• WORK TASK
Everything from the line with "12 Barrie Rd, East Brunswick, NJ 08816" to the final line of the entries is to be set down exactly, except the pictures.
START THE RECORDS
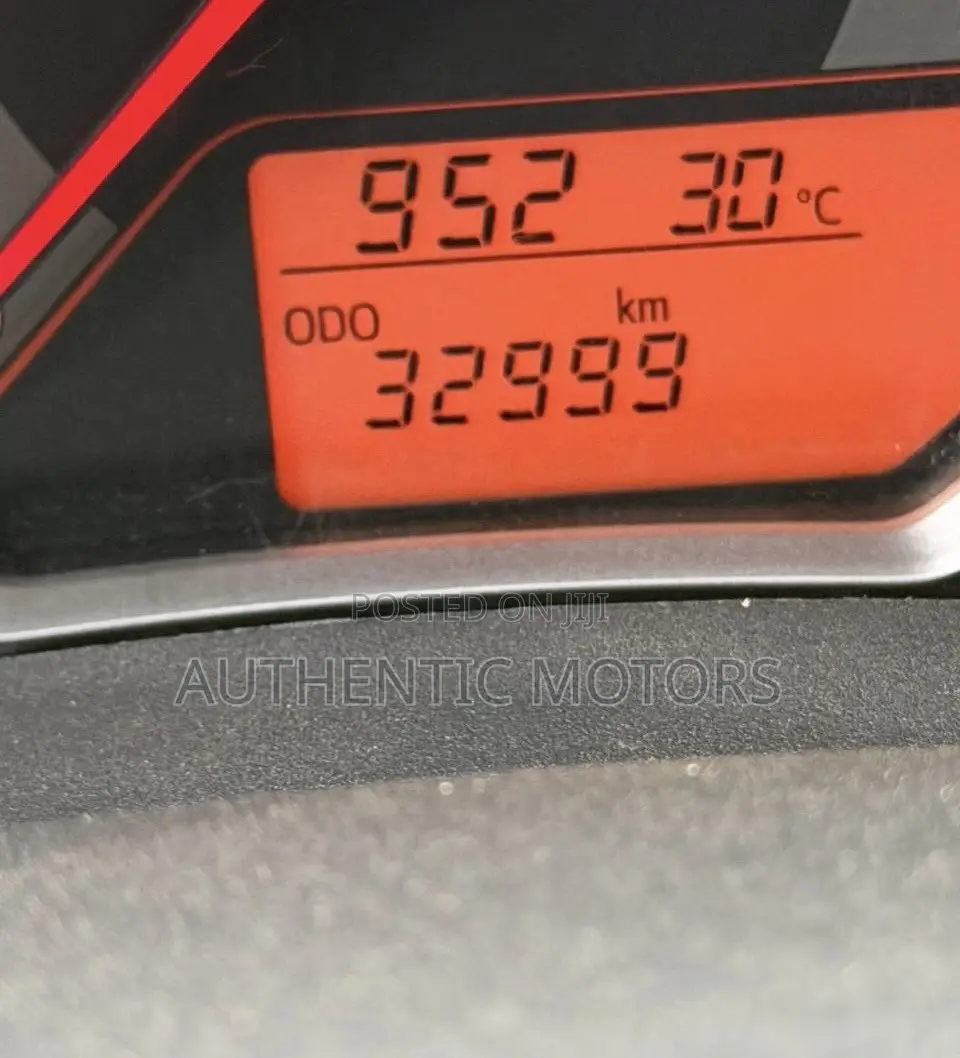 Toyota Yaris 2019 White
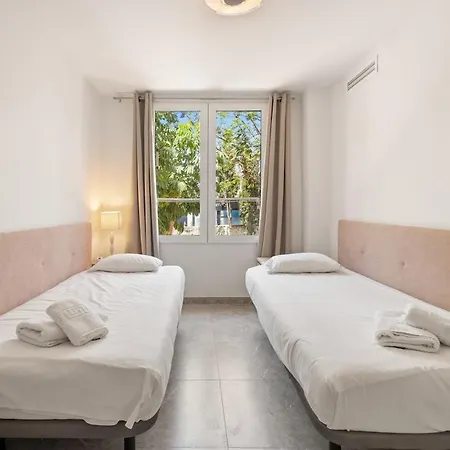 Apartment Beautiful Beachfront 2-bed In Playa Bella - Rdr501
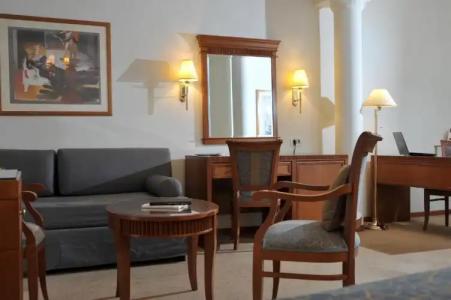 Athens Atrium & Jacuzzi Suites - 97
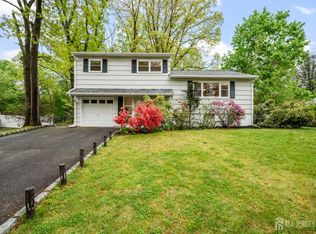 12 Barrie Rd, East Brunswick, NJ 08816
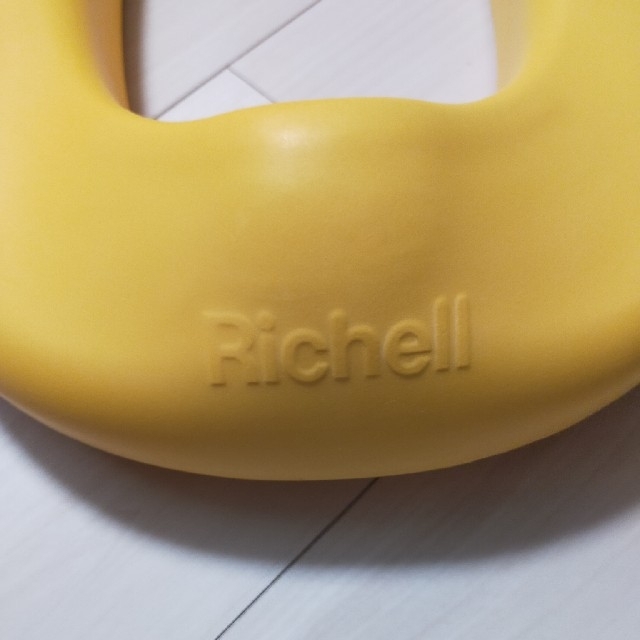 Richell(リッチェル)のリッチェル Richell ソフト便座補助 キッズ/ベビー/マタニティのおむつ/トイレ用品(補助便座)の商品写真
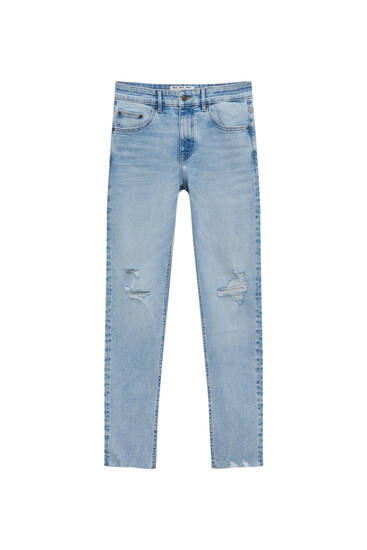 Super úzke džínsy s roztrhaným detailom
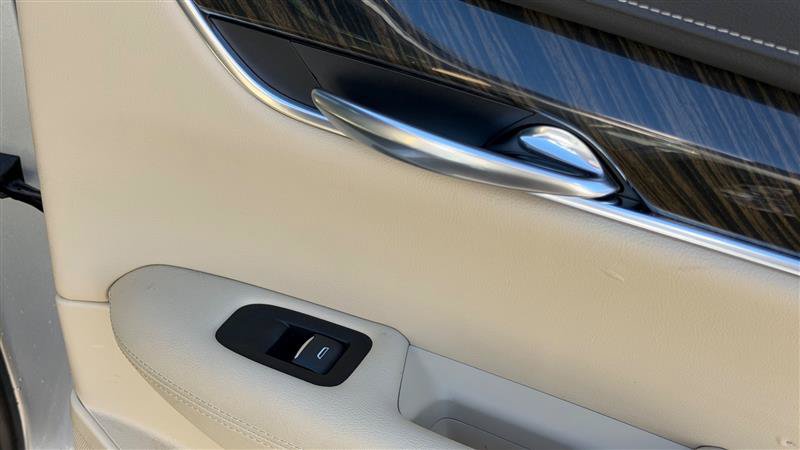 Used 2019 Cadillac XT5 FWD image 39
END THE RECORDS
• RESPONSE BOX
 12 Barrie Rd, East Brunswick, NJ 08816
 Richell(リッチェル)のリッチェル Richell ソフト便座補助 キッズ/ベビー/マタニティのおむつ/トイレ用品(補助便座)の商品写真
 Super úzke džínsy s roztrhaným detailom
 Used 2019 Cadillac XT5 FWD image 39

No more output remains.